Data:
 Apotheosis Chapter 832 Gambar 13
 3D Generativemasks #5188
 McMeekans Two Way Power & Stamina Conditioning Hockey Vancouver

Work required: Give back the full listing, exactly as it stands.

Answer for the task:
 Apotheosis Chapter 832 Gambar 13
 3D Generativemasks #5188
 McMeekans Two Way Power & Stamina Conditioning Hockey Vancouver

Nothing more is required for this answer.